### What to work on
Could you return the entire listing below exactly as written?

####################

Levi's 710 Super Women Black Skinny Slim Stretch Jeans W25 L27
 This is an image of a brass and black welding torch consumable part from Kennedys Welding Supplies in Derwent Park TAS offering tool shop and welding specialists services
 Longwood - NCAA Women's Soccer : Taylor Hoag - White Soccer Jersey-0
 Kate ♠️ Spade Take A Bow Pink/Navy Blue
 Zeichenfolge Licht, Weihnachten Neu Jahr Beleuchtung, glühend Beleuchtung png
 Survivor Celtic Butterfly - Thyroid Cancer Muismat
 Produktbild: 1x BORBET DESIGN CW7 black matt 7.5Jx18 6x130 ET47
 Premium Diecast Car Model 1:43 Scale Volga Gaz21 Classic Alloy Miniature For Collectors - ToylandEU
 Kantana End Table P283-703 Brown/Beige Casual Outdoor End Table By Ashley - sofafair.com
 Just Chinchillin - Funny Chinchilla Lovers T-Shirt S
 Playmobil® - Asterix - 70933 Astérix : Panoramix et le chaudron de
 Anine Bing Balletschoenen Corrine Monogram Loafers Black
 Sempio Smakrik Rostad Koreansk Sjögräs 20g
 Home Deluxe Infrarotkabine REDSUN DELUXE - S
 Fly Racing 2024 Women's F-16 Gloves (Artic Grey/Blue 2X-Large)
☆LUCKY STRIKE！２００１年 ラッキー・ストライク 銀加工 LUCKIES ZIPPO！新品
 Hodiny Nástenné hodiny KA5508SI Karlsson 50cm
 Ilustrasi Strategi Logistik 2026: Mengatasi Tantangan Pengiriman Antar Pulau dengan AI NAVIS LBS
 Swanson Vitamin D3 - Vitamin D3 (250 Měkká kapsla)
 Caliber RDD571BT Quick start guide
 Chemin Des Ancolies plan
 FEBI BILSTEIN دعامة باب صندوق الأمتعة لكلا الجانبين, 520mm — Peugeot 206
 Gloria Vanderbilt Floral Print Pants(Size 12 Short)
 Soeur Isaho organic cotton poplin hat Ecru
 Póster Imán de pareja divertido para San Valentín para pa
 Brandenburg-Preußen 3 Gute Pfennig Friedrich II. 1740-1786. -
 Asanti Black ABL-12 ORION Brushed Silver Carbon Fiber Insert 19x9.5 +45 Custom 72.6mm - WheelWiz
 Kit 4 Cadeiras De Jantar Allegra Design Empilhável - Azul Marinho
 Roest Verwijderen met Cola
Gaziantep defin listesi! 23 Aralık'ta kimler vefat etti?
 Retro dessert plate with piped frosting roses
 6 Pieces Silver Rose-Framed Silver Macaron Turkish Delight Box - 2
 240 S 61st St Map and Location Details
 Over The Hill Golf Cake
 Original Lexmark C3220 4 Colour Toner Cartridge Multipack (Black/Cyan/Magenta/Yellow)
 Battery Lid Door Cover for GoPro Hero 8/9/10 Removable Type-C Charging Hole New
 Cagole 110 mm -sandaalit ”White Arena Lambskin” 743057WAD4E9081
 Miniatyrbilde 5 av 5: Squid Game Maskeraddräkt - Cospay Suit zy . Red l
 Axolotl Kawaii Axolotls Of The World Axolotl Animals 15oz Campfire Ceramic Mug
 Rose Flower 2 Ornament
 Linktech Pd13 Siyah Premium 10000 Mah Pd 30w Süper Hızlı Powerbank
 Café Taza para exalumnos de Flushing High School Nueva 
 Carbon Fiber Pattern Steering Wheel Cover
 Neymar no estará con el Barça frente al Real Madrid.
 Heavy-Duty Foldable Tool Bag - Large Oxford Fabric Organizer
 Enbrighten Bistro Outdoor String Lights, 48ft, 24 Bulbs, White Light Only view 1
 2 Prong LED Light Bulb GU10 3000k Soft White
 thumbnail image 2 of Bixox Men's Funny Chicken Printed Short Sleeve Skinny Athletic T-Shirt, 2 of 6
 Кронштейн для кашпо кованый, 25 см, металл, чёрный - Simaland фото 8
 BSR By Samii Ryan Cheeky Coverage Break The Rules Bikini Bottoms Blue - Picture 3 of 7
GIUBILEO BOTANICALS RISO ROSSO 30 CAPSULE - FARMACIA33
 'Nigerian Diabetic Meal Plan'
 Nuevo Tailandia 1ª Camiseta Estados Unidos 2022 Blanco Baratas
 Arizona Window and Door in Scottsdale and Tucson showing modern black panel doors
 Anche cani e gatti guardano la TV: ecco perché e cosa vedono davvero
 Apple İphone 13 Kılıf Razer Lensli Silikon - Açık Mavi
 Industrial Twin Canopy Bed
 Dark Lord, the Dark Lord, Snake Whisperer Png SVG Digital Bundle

####################

### Your response
Levi's 710 Super Women Black Skinny Slim Stretch Jeans W25 L27
 This is an image of a brass and black welding torch consumable part from Kennedys Welding Supplies in Derwent Park TAS offering tool shop and welding specialists services
 Longwood - NCAA Women's Soccer : Taylor Hoag - White Soccer Jersey-0
 Kate ♠️ Spade Take A Bow Pink/Navy Blue
 Zeichenfolge Licht, Weihnachten Neu Jahr Beleuchtung, glühend Beleuchtung png
 Survivor Celtic Butterfly - Thyroid Cancer Muismat
 Produktbild: 1x BORBET DESIGN CW7 black matt 7.5Jx18 6x130 ET47
 Premium Diecast Car Model 1:43 Scale Volga Gaz21 Classic Alloy Miniature For Collectors - ToylandEU
 Kantana End Table P283-703 Brown/Beige Casual Outdoor End Table By Ashley - sofafair.com
 Just Chinchillin - Funny Chinchilla Lovers T-Shirt S
 Playmobil® - Asterix - 70933 Astérix : Panoramix et le chaudron de
 Anine Bing Balletschoenen Corrine Monogram Loafers Black
 Sempio Smakrik Rostad Koreansk Sjögräs 20g
 Home Deluxe Infrarotkabine REDSUN DELUXE - S
 Fly Racing 2024 Women's F-16 Gloves (Artic Grey/Blue 2X-Large)
☆LUCKY STRIKE！２００１年 ラッキー・ストライク 銀加工 LUCKIES ZIPPO！新品
 Hodiny Nástenné hodiny KA5508SI Karlsson 50cm
 Ilustrasi Strategi Logistik 2026: Mengatasi Tantangan Pengiriman Antar Pulau dengan AI NAVIS LBS
 Swanson Vitamin D3 - Vitamin D3 (250 Měkká kapsla)
 Caliber RDD571BT Quick start guide
 Chemin Des Ancolies plan
 FEBI BILSTEIN دعامة باب صندوق الأمتعة لكلا الجانبين, 520mm — Peugeot 206
 Gloria Vanderbilt Floral Print Pants(Size 12 Short)
 Soeur Isaho organic cotton poplin hat Ecru
 Póster Imán de pareja divertido para San Valentín para pa
 Brandenburg-Preußen 3 Gute Pfennig Friedrich II. 1740-1786. -
 Asanti Black ABL-12 ORION Brushed Silver Carbon Fiber Insert 19x9.5 +45 Custom 72.6mm - WheelWiz
 Kit 4 Cadeiras De Jantar Allegra Design Empilhável - Azul Marinho
 Roest Verwijderen met Cola
Gaziantep defin listesi! 23 Aralık'ta kimler vefat etti?
 Retro dessert plate with piped frosting roses
 6 Pieces Silver Rose-Framed Silver Macaron Turkish Delight Box - 2
 240 S 61st St Map and Location Details
 Over The Hill Golf Cake
 Original Lexmark C3220 4 Colour Toner Cartridge Multipack (Black/Cyan/Magenta/Yellow)
 Battery Lid Door Cover for GoPro Hero 8/9/10 Removable Type-C Charging Hole New
 Cagole 110 mm -sandaalit ”White Arena Lambskin” 743057WAD4E9081
 Miniatyrbilde 5 av 5: Squid Game Maskeraddräkt - Cospay Suit zy . Red l
 Axolotl Kawaii Axolotls Of The World Axolotl Animals 15oz Campfire Ceramic Mug
 Rose Flower 2 Ornament
 Linktech Pd13 Siyah Premium 10000 Mah Pd 30w Süper Hızlı Powerbank
 Café Taza para exalumnos de Flushing High School Nueva 
 Carbon Fiber Pattern Steering Wheel Cover
 Neymar no estará con el Barça frente al Real Madrid.
 Heavy-Duty Foldable Tool Bag - Large Oxford Fabric Organizer
 Enbrighten Bistro Outdoor String Lights, 48ft, 24 Bulbs, White Light Only view 1
 2 Prong LED Light Bulb GU10 3000k Soft White
 thumbnail image 2 of Bixox Men's Funny Chicken Printed Short Sleeve Skinny Athletic T-Shirt, 2 of 6
 Кронштейн для кашпо кованый, 25 см, металл, чёрный - Simaland фото 8
 BSR By Samii Ryan Cheeky Coverage Break The Rules Bikini Bottoms Blue - Picture 3 of 7
GIUBILEO BOTANICALS RISO ROSSO 30 CAPSULE - FARMACIA33
 'Nigerian Diabetic Meal Plan'
 Nuevo Tailandia 1ª Camiseta Estados Unidos 2022 Blanco Baratas
 Arizona Window and Door in Scottsdale and Tucson showing modern black panel doors
 Anche cani e gatti guardano la TV: ecco perché e cosa vedono davvero
 Apple İphone 13 Kılıf Razer Lensli Silikon - Açık Mavi
 Industrial Twin Canopy Bed
 Dark Lord, the Dark Lord, Snake Whisperer Png SVG Digital Bundle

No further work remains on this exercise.